Recipe created by Shashi at Savory Spin.

Matcha mug cake

Matcha mug cake

This mug cake is the quickest way to get a tasty matcha treat without having to spend ages mixing the batter and then waiting for it to cook in the oven.


  • 4 tbsp (30g) plain flour
  • 1 tsp high-quality matcha powder
  • 1/4 tsp baking powder
  • 1 tbsp (12.5g) granulated white sugar
  • 3 tbsp (45ml) nonfat milk
  • 1/2 tbsp (7.5ml) vegetable oil


  1. In a microwave-safe mug, add flour, matcha powder, baking powder and sugar.
  2. Whisk until evenly blended and no lumps remain. You want to make sure to break apart any matcha or flour lumps before adding the liquid.
  3. Add in milk and oil.

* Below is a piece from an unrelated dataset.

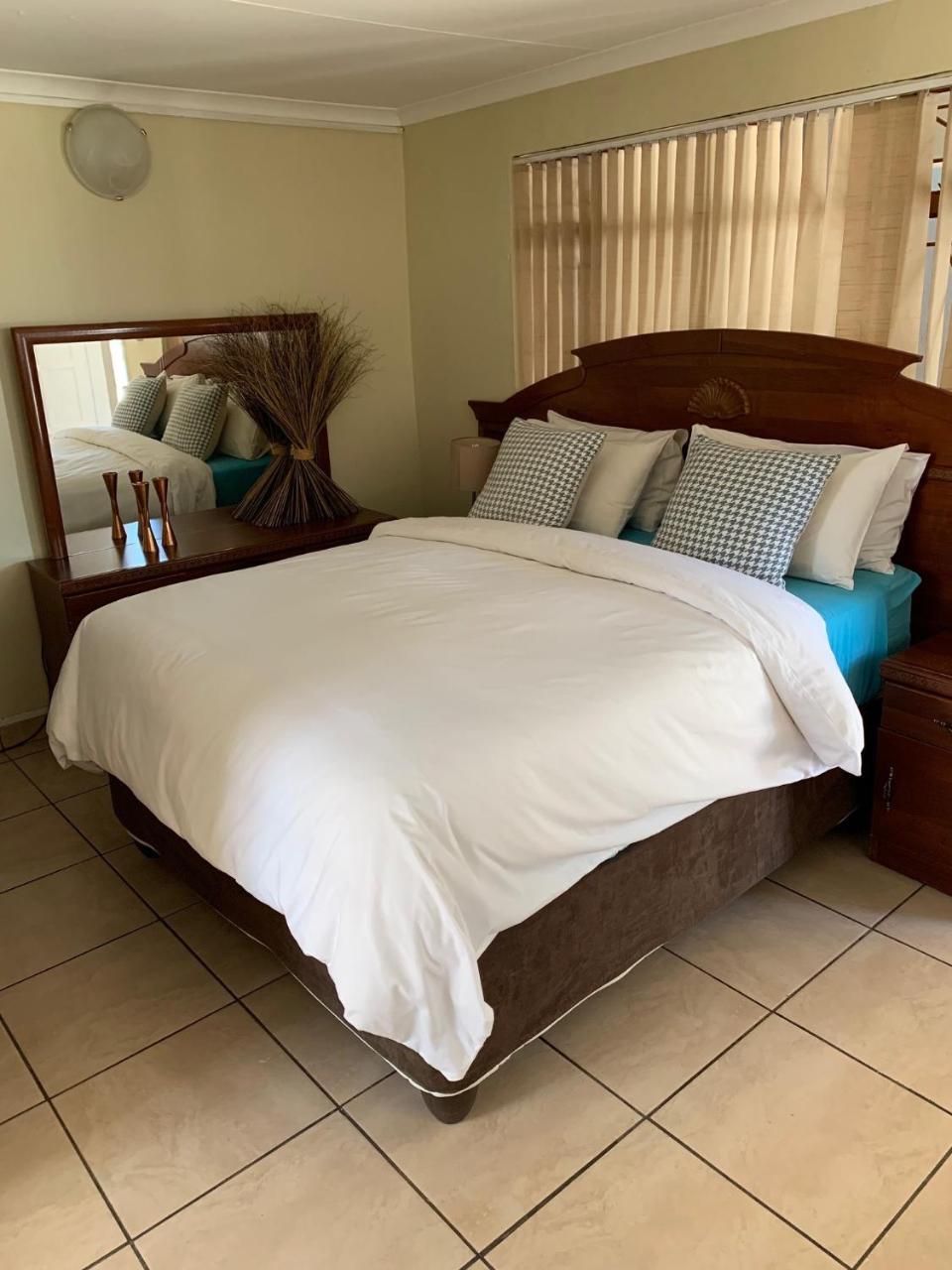 Villa De La Rosa Klerksdorp Esterno foto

Mix with a whisk until the batter is smooth and uniform in colour.
  4. Cook in the microwave at full power for about 1 minute. Let the cake cool for a few minutes before eating.

Recipe by Kirbie from KirbieCravings.

Matcha and white chocolate cookies

Matcha cookies

These buttery cookies are the perfect vehicle for matcha. The savoury green tea taste blends beautifully with the chocolate creating something unique and dangerously moreish.


  • 240g plain flour
  • 3 tsp matcha green tea powder
  • 170g unsalted butter (softened)
  • 130g sugar
  • pinch sea salt
  • 2 large egg yolks
  • 50g white chocolate chips


  1. Sift the plain flour and matcha powder into a large bowl. Set to one side.
  2. In a stand mixer, mix the unsalted butter until smooth and creamy.
  3. Add a pinch of salt to the mixer and blend.
  4. Add the powdered sugar and blend until soft and light. Scrape down the bowl as needed.
  5. Add 2 large egg yolks and mix well until combined.
  6. Gradually add the flour and matcha mixture and mix until well incorporated.
  7. Add the white chocolate chips and mix them all together.
  8. Cut the dough in half and shape it into two cylinders, about 1½ inch (4cm) diameter, 7" (18cm) long.
  9. Wrap the logs in plastic wrap and chill in the refrigerator until firm, at least 2 hours.
  10. Preheat the oven to 175°C.
  11. Line the baking sheet with parchment paper or silicone baking liner.
  12. Remove the dough from the plastic wrap, and with a sharp knife, slice the dough into ⅓ inch (7 mm) thick rounds. If the dough is too hard, wait for 5 minutes or so.
  13. Place them on a baking sheet, leaving about 1" (2.5 cm) between rounds.
  14. Bake the cookies for about 15 minutes, or until the edge of the cookies starts to turn golden brown.
  15. Remove from the oven and let cool on the baking sheet for 5 minutes; then carefully transfer to a cooling rack.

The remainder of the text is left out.